I’ve been listening to the Bible in Welsh this week. I listen in Welsh even more haltingly that I speak, so my gray matter is lighting up in wild explosions of color like a fireworks show each morning. Listening to the Bible in Welsh reminded me of the short series of tweets I called #shortstorieschangetheworld. Fortunately I found an old poetry and lyric book with a list of a few of these tweets.
- Wounded Knee, Giving Tree, Aesop’s Fables, like bread and wine on 10,000 tables. #shortstorieschangetheworld
- Holocaust, Nightingale, a crown of thorns, a fisher’s tale. #shortstorieschangetheworld
- Sleepy Hollow, “My, what big teeth”, nevermore, Robert Johnson’s devil’s deal. #shortstorieschangetheworld
- Newton’s apple, Watergate, nations fall as we heed the snake. #shortstorieschangetheworld
- Waxing gibbous moon last night, winked, I think – I hope – before it left the sky. #shortstorieschangetheworld
- Tortoise and hare, a boy cries wolf, patiently Mandela’s jail is apartheid’s fail. #shortstorieschangetheworld
- Ten plagues, painted caves, Socrates, God between two thieves. #shortstorieschangetheworld
Five of the seven tweets carry some form of imagery from the Bible. I may be a pastor who focuses my attention on the Bible far more than the average Christian, let alone the average person, but this use of Biblical imagery as reminders of short stories that change our lives is not unique to me. Biblical imagery is weaved into the fabric of our culture. Scapegoat, the writing on the wall, signs of the times, seeing eye to eye, nothing but skin and bones, going the extra mile, a broken heart, bite the dust, eat drink and be merry – these are just a few common references that come from the Bible. Such commonality of cultural reference only occurs when great stories – stories with longevity – stories with transformative power impact people generation after generation.

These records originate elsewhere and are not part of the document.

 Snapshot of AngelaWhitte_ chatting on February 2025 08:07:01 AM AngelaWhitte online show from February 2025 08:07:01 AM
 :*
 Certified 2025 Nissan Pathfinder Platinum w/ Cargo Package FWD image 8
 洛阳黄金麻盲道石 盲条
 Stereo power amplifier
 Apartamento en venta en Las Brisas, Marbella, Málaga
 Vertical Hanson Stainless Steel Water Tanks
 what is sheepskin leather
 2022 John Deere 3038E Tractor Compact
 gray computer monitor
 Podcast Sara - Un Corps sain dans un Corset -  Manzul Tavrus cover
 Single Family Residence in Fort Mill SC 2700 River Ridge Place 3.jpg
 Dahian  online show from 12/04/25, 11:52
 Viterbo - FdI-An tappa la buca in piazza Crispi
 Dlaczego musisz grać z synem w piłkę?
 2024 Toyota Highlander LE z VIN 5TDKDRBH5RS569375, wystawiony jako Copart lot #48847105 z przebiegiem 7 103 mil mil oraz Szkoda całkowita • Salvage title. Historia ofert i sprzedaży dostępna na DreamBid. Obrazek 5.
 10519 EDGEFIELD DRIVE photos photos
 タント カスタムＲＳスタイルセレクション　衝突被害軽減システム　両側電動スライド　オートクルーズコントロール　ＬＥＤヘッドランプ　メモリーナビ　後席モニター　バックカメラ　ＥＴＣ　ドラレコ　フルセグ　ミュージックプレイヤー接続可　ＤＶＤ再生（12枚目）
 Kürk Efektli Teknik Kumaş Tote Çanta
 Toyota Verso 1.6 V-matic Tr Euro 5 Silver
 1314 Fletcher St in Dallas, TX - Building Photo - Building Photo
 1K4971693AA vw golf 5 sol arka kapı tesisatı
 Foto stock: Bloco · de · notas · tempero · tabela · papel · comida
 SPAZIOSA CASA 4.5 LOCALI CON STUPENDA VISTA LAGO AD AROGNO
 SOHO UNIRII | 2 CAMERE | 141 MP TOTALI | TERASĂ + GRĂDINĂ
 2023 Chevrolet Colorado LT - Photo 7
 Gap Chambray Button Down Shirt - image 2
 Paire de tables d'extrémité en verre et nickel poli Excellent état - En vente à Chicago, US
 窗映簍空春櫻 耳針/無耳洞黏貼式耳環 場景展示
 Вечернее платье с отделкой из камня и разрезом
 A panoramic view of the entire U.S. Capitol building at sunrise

Easter is coming upon us. We are in the spaces between the strange donkey ride into Jerusalem on Palm Sunday, the dark day of crucifixion, and the wild resurrection. These are short stories that have changed culture – even to the point of influencing the rise and fall of nations. The entirety of the life of Christ has been given to us in four short stories we call the Gospels. This week Christendom focuses upon the last week of these Jesus stories, and I am reminded that #shortstorieschangetheworld.